Your objective —
Give back each line of the data exactly as it reads, minus the pictures.
:: Material supplied
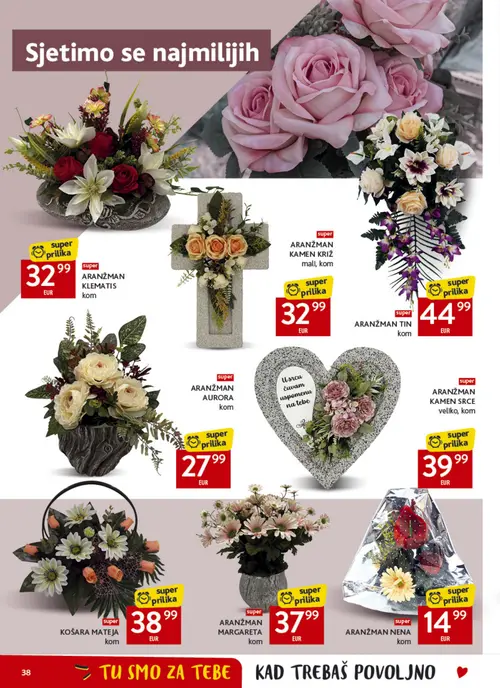 Konzum katalog — stranica 38 (vrijedi 30. 09. 2026.–06. 10. 2026.)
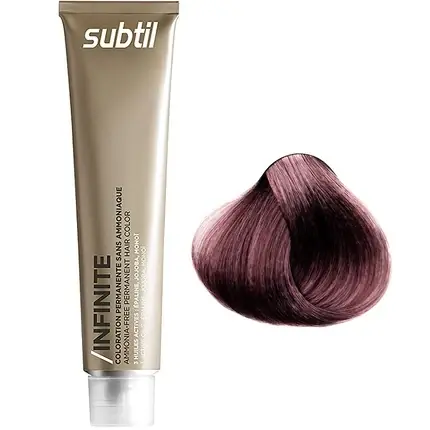 Nu rata Vopsea de păr Subtil Infinite 4-75 Castaniu Mahon 60ml
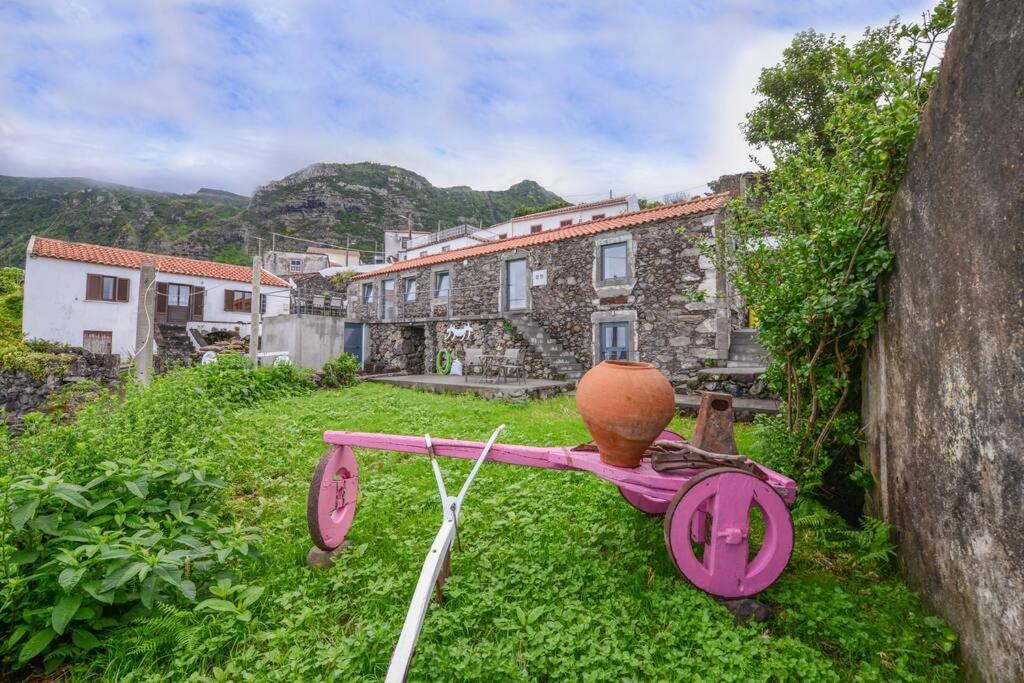 Faja Grande Monchique Islet View House T2 빌라 외부 사진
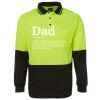 JB's HV L/S TRAD POLO (w/Pocket) Thumbnail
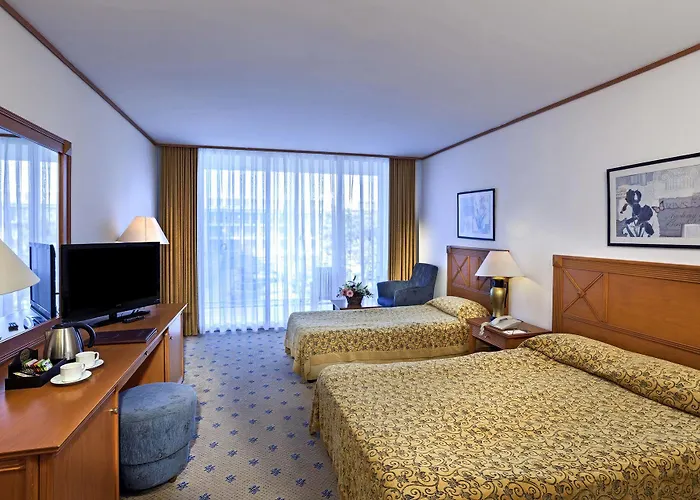 Semesteranläggning (resort) Kilikya Palace Goynuk 5*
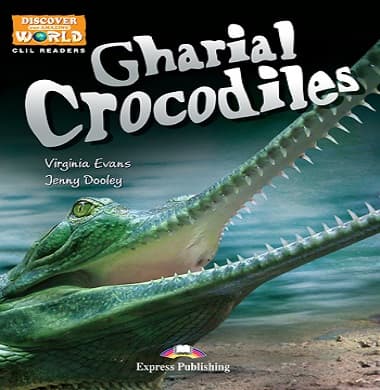 Gharial Crocodiles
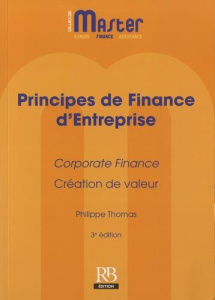 Principes de finance d'entreprise - Thomas Philippe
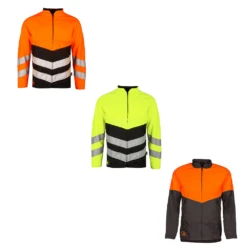 SIP BasePro (1RI1) Chainsaw Jacket – Class 1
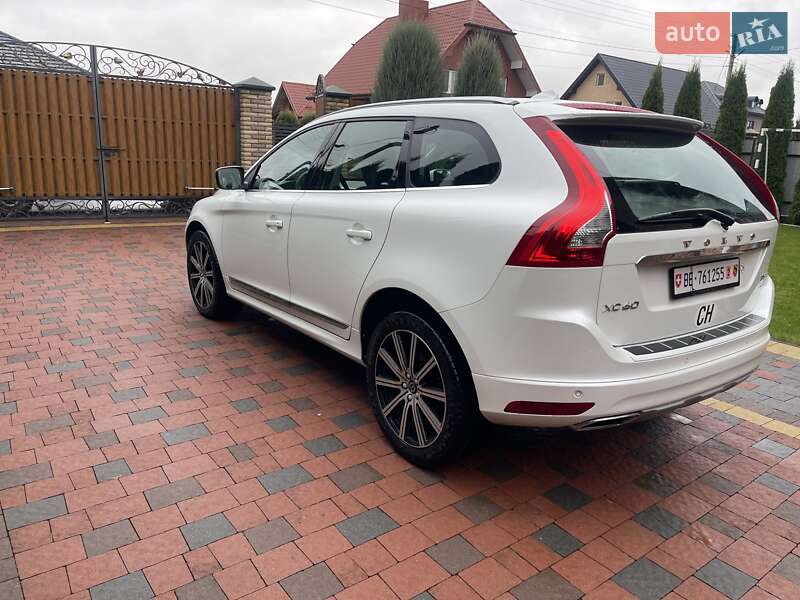 Позашляховик / Кросовер Volvo XC60 2016 в Луцьку фото 56 Позашляховик / Кросовер Volvo XC60 2016 в Луцьку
::::
Task solution —
 Konzum katalog — stranica 38 (vrijedi 30. 09. 2026.–06. 10. 2026.)
 Nu rata Vopsea de păr Subtil Infinite 4-75 Castaniu Mahon 60ml
 Faja Grande Monchique Islet View House T2 빌라 외부 사진
 JB's HV L/S TRAD POLO (w/Pocket) Thumbnail
 Semesteranläggning (resort) Kilikya Palace Goynuk 5*
 Gharial Crocodiles
 Principes de finance d'entreprise - Thomas Philippe
 SIP BasePro (1RI1) Chainsaw Jacket – Class 1
 Позашляховик / Кросовер Volvo XC60 2016 в Луцьку фото 56 Позашляховик / Кросовер Volvo XC60 2016 в Луцьку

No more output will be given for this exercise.